There were three follow-up visits annually (ie, at 4-month intervals). At each follow-up visit, the subject was asked, "Have you been smoking since the previous visit?" with the following alternative responses provided: (1) no, (2) yes, but now I have quit, and (3) yes, continuously. Men who replied with either answer 1 or answer 2 were combined into one category: subjects who quit smoking prior to the follow-up visit.

Outcomes
The events for this study, the first hospital-treated pneumonia between randomization and April 30, 1993, were ascertained from the National Hospital Discharge Register using the unique personal identification number for linkage. The National Hospital Discharge Register covers inpatient visits from all public and private hospitals in Finland. It uses the codes of the International Statistical Classification of Diseases, Injuries, and Causes of Death (ICD), the eighth edition (ICD-8) was used through the end of 1986, and the ninth edition (ICD-9) thereafter. Up to four diagnoses per each discharge are recorded, the primary diagnosis and three secondary diagnoses. The validity of the Finnish Hospital Discharge Register was examined from a random sample of 2,211 discharges.²⁴ The registered cause of hospitalization was compared with the medical records, and in 94.4% of the cases the same diagnosis was reached. In the category of diseases of the respiratory system, 94% of the diagnoses were verified, based on 135 discharge records.

For this study, pneumonia was defined by ICD-8 codes 480–486 and 471.0 and ICD-9 codes 480–485 and 487.0, and both primary and secondary diagnoses were accepted. There were 964 new cases of pneumonia during the trial: 345 cases (36%) with no discharge diagnoses other than pneumonia, and 619 cases (64%) with one or more other diseases concurrently with the pneumonia. In cases where both pneumonia and lung cancer (ICD code 162) were present in same discharge record (n = 66 subjects), follow-up was censored at the date of the pneumonia diagnosis but the pneumonia was excluded, thus leaving 898 cases for the present analysis.
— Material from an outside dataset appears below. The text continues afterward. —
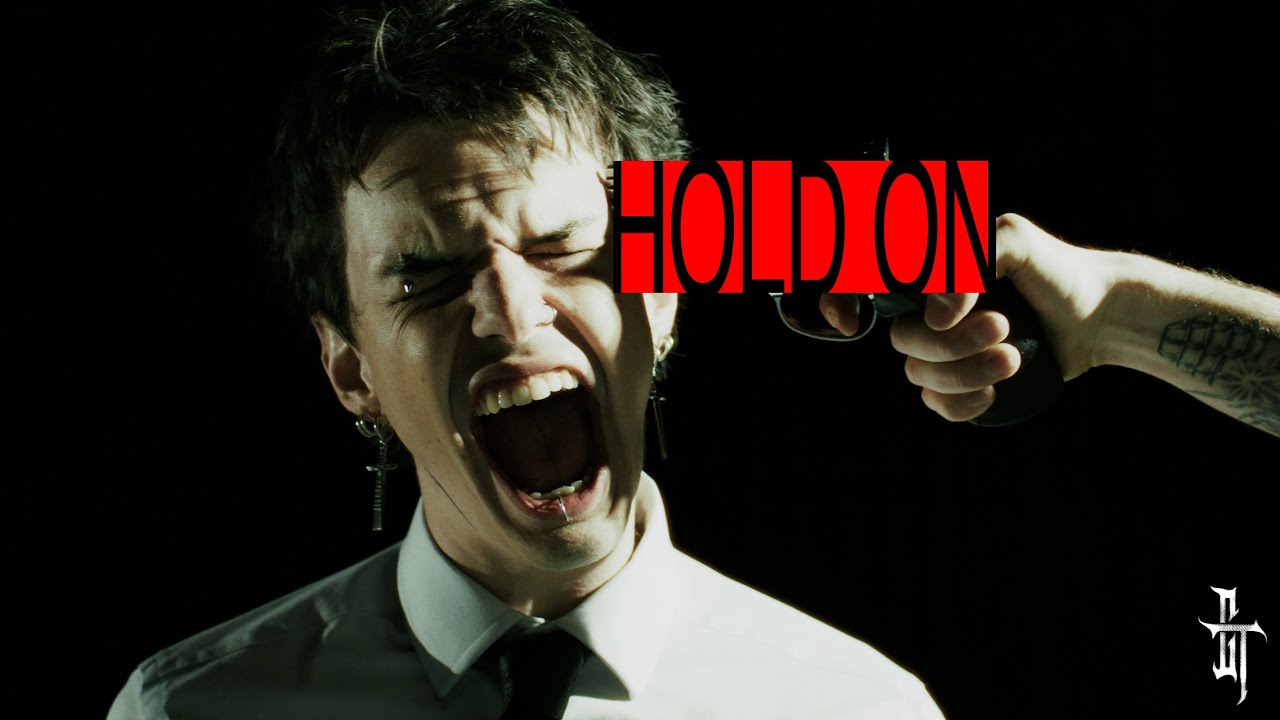 Watch BRAYTON - Hold On (Directed by Dylan Cole) on YouTube Watch BRAYTON - Hold On (Directed by Dylan Cole) on YouTube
Among 553 subjects, other diagnoses made concurrently with the pneumonia included, most commonly, other pulmonary diseases (n = 169) and diseases of the circulatory system (n = 238).

Of the 345 subjects who had pneumonia as the only hospital discharge diagnosis, 291 subjects (84%) had pneumonia of undefined etiology (ICD-8 codes 485.0 or 486.0, or ICD-9 code 485.9), and 16 subjects (5%) had pneumococcal pneumonia (ICD-8 code 481.9 or ICD-9 code 481.0). The etiology of pneumonia was undefined in 476 subjects (86%) of the 553 subjects with concurrent illnesses.

Statistical Analysis
Follow-up time for each participant began from the day of randomization, and continued until the date of first hospital discharge for pneumonia, death, or the end of the trial, April 30, 1993, whichever came first. The median follow-up time of the subjects in the present analysis was 5.8 years, and there was a total of 167,968 person-years of observation. Use of the Hospital Discharge Register allowed obtaining information on pneumonia in all study participants irrespective of whether they continued or dropped out of the trial.
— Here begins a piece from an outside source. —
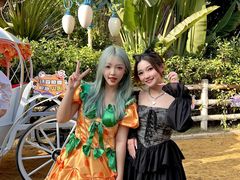 -灵玲国际马戏城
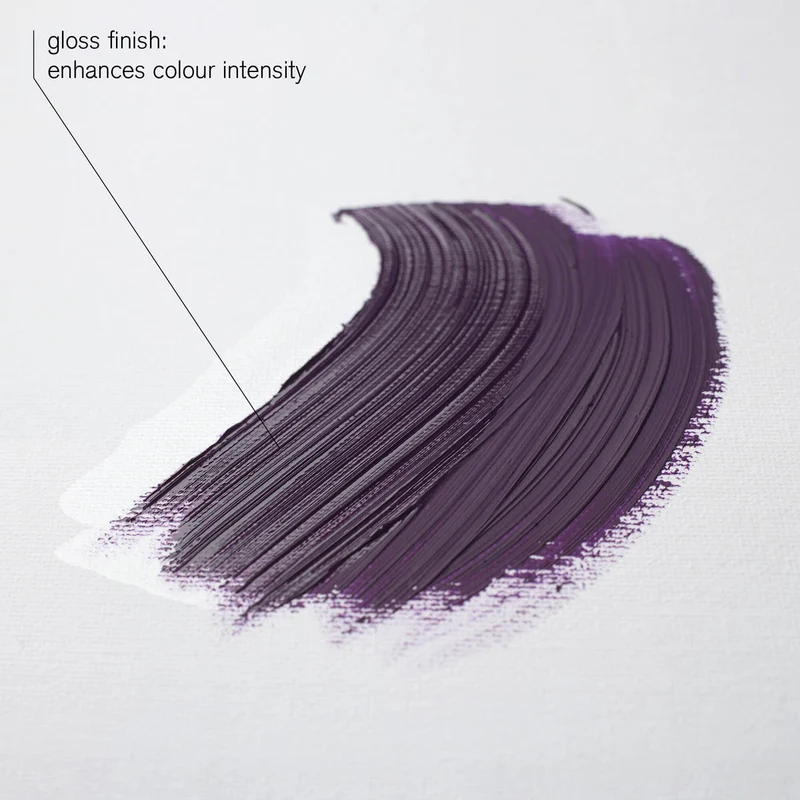 Winsor and Newton - Water Mixable Gloss Varnish - 250ml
The association between baseline characteristics, and dietary vitamin E and beta-carotene and pneumonia incidence was evaluated using proportional hazards regression analyses.²⁵ The relative risk (RR) and the 95% confidence interval (CI) of the RR were calculated using the PROC PHREG program of the SAS package of programs (release 8.1, SAS Institute; Cary, NC). The associations of baseline characteristics, presented in Table 1 , with pneumonia incidence were studied in a model including simultaneously all the characteristics. The models on dietary intake of vitamin E and beta-carotene were adjusted for by those baseline characteristics that had substantial associations with the risk of pneumonia.

To test the statistical significance of interaction between supplementation and potential modifying factors, the supplementation groups and modifying factor groups were first added to the regression model. The statistical significance of the interaction was thereafter calculated from the change in - 2 x log(likelihood) when the cross-product interaction term for supplementation and the modifying factor was added to the model.
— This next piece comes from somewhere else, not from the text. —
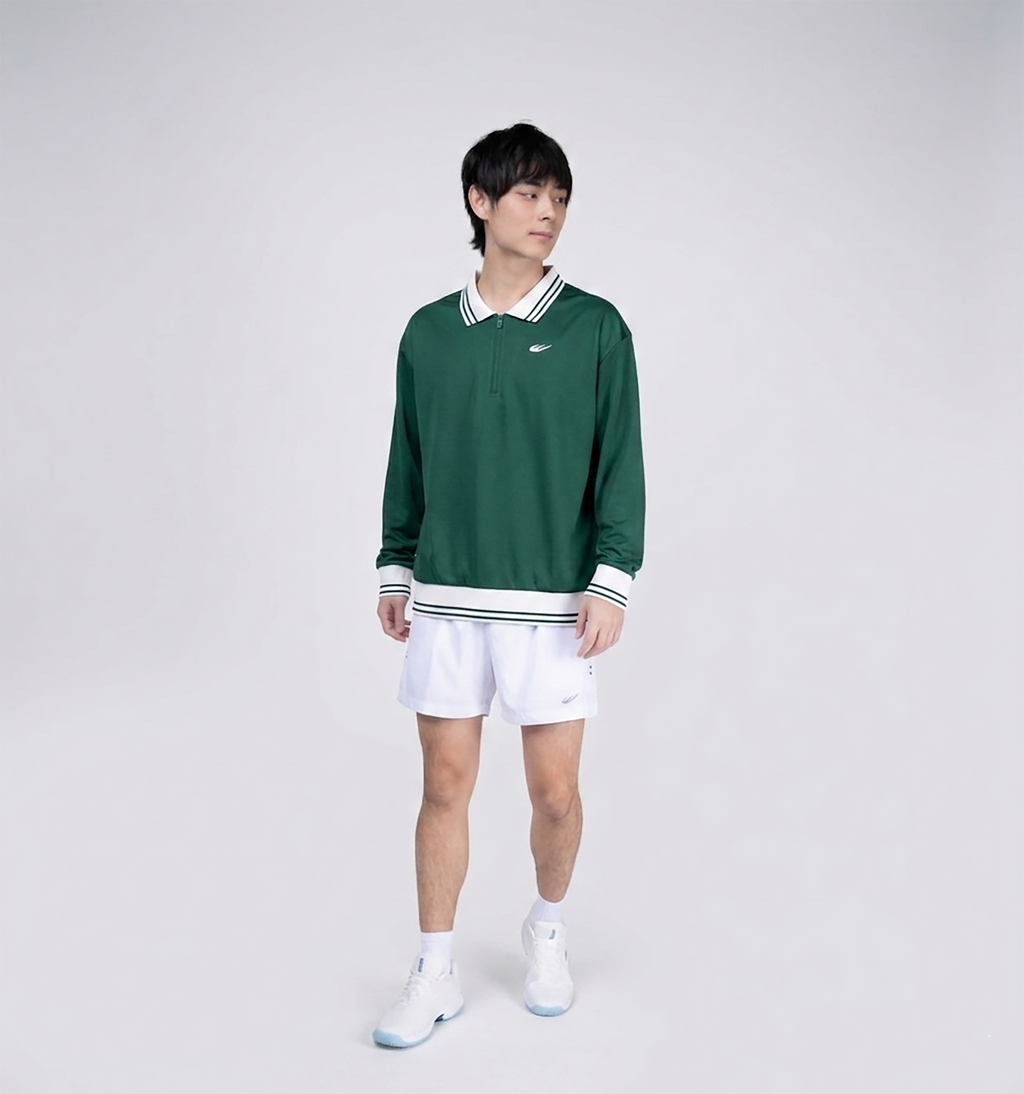 WBM POLO LS 01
When observing that age at smoking initiation seemed to interact with the supplementation, we explored which age would be the most functional cut-point to split the young and old smoking initiators, and 21 years was found to be the best cut-point. Age at smoking initiation was also used as a continuous variable since interaction with a continuous variable refutes the possibility that explorative selection of cut-point would cause a spurious interaction. Two-tailed p values were used.

Smoking status at the occurrence of pneumonia was based on data from the follow-up visit immediately preceding pneumonia: 0 to 4 months earlier. A pneumonia case was considered a dropout from the trial if the subject missed the follow-up visit immediately preceding pneumonia and all subsequent visits after pneumonia. Four pneumonia cases (three continuous smokers and one quitter) continued in the study after their hospitalization for pneumonia but missed the visit immediately preceding diagnosis; their smoking status was derived from the next prior follow-up visit and it remained the same after the pneumonia episode. The odds ratio (OR) and the corresponding 95% CI were estimated through logistic regression models (SAS Institute).

	Results

TOP Abstract Introduction Materials and Methods Results Discussion References

 
Characteristics of the trial participants at baseline are shown in Table 1 . There were 898 cases of hospital-diagnosed pneumonia during the trial period, representing a mean rate of 5.3 cases per 1,000 person-years of follow-up.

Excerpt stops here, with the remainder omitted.